Erster Strafprozess nach Neonazi-Überfall: Gefängnis für Connewitz-Randalierer
Obwohl ihnen kein Steinwurf nachgewiesen werden kann, sind zwei Männer wegen schweren Landfriedensbruchs zu Haftstrafen verurteilt worden. Weitere Prozesse folgen.
Die Verteidigung hatte einen Freispruch gefordert. Amtsrichter Marcus Pirk war jedoch der Meinung, alle Beteiligten hätten ein „Riesenglück“ gehabt, dass nicht noch mehr passiert sei. Der Aufmarsch der 250 bis 300 Rechten durch den linksgeprägten Stadtteil Connewitz im Leipziger Süden sei aus seiner Sicht eine gezielte Provokation gewesen. Wären gewaltbereite Vertreter der linken Szene an dem Abend im Viertel gewesen, hätte es leicht Verletzte geben können.
Am Abend des 11. Januar 2016 war eine Gruppe aus schwarz gekleideten und größtenteils vermummten Personen randalierend und mit Schlagstöcken, Holzlatten und Äxten bewaffnet durch eine Straße in Connewitz gezogen. Gleichzeitig hatte in der Innenstadt die fremdenfeindliche „Legida“-Bewegung mit einer Demonstration ihren Jahrestag begangen. Es wird davon ausgegangen, dass sich deswegen auch ein Großteil der linken Szene in der Innenstadt aufhielt. Im Süden wurden insgesamt 25 Geschäfte und Bars demoliert und 18 Fahrzeuge beschädigt. Einige Randalierer zündeten Böller und Leuchtraketen, ein Dachstuhl geriet in Brand. Es entstand ein Sachschaden von rund 113.000 Euro.

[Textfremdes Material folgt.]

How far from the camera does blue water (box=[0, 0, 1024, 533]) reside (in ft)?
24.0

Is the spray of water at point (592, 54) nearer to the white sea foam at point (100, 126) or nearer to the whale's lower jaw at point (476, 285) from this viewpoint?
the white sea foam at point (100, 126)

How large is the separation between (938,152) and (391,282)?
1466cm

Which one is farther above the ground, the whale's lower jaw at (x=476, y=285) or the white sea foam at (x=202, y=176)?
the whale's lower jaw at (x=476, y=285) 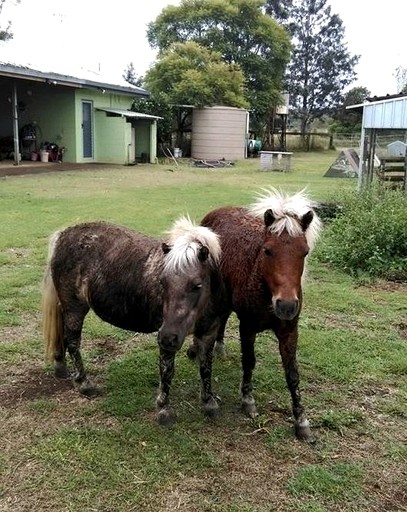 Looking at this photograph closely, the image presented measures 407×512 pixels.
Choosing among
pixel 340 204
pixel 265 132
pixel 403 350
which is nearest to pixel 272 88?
pixel 265 132

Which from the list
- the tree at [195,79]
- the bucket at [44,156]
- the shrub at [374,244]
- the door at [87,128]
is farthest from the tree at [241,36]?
the shrub at [374,244]

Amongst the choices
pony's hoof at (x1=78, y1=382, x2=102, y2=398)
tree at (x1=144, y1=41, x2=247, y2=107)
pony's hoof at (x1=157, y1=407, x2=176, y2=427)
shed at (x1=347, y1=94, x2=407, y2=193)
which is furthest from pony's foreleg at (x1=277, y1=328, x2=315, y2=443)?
tree at (x1=144, y1=41, x2=247, y2=107)

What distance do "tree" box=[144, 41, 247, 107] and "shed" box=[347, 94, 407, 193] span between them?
611 inches

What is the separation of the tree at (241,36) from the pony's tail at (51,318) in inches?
1161

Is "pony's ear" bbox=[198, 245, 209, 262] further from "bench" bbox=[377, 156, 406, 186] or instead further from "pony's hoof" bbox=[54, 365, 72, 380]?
"bench" bbox=[377, 156, 406, 186]

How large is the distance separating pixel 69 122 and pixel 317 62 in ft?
145

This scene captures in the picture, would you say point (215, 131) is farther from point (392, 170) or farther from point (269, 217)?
point (269, 217)

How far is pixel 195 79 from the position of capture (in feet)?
84.1

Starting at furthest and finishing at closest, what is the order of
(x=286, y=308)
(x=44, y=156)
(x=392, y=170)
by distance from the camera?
(x=44, y=156) → (x=392, y=170) → (x=286, y=308)

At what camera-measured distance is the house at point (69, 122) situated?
61.6 feet

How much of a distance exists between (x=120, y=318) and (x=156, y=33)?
3437 centimetres

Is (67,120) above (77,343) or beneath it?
above

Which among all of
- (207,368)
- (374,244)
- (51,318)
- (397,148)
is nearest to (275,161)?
(397,148)

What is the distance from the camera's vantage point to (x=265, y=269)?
2.79m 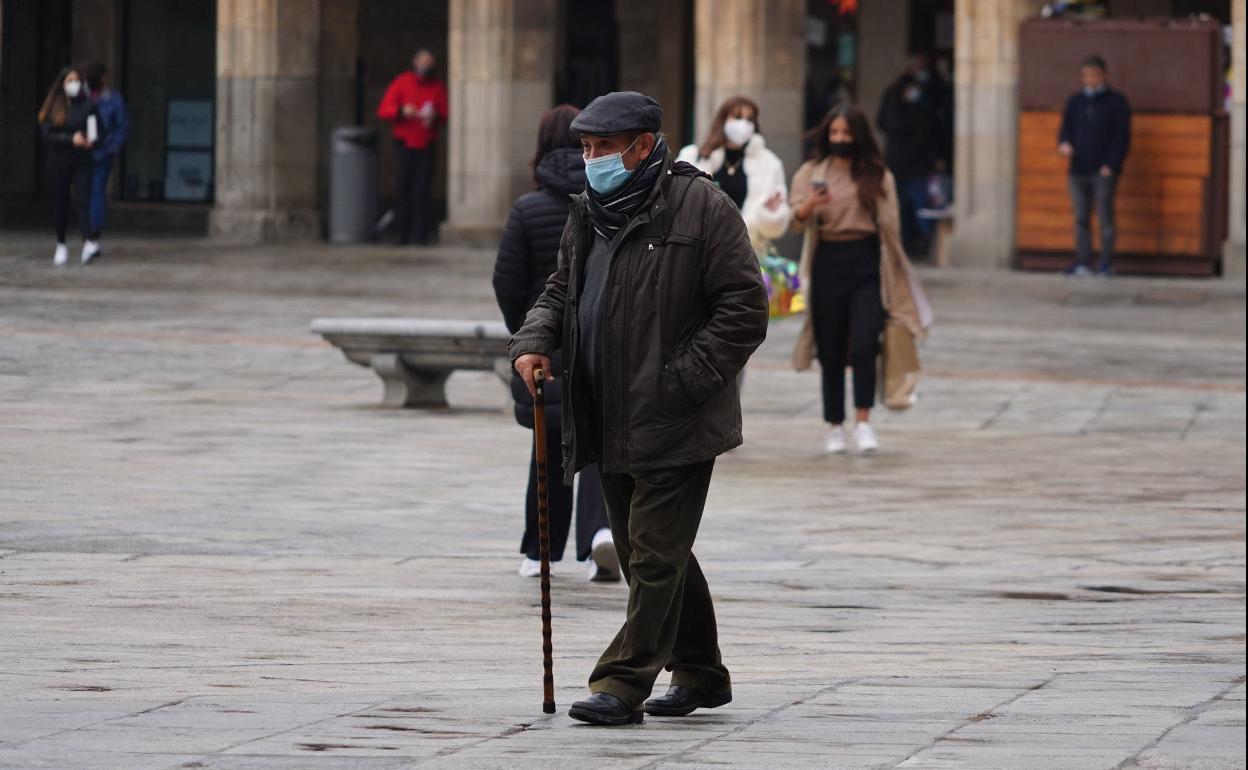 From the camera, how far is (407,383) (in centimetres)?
1447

Die Staatsanwaltschaft konnte Martin K. und Dennis W. zwar keine Beschädigung direkt nachweisen, ein solcher Vorwurf war aber auch nicht Bestandteil der Anklage. Verurteilt wurden sie, weil sie als Teil der Gruppe Solidarität mit den Straftätern gezeigt und ihnen Schutz geboten hätten, wie Staatsanwältin Sandra Daute erklärte. Nachdem ein Täter etwa aus der Gruppe ausgebrochen sei und ein Schaufenster zertrümmert hätte, habe er wieder in ihr untertauchen können. Unter den insgesamt 215 Festgenommen hatten sich auch bekannte Hooligans und Rechtsextreme befunden.
91 weitere Prozesse zu Connewitz sollen folgen
Am Donnerstag wurde vor Gericht noch Videomaterial gezeigt, in dem in Ansätzen zu erkennen war, wie Einzelne immer wieder aus dem Pulk heraus Ladengeschäfte angriffen. Zeugen hatten zum Beginn der Verhandlung vor etwa einer Woche ausgesagt, die Gruppe habe sehr geschlossen und insgesamt gewaltbereit gewirkt. Auf den Videos war auch die Festsetzung der Randalierer in einer Seitenstraße zu sehen. In dem Pulk hatte die Polizei auch die zwei Verurteilten festgestellt. Diese hatten sich mit keiner Silbe zu den Vorwürfen geäußert.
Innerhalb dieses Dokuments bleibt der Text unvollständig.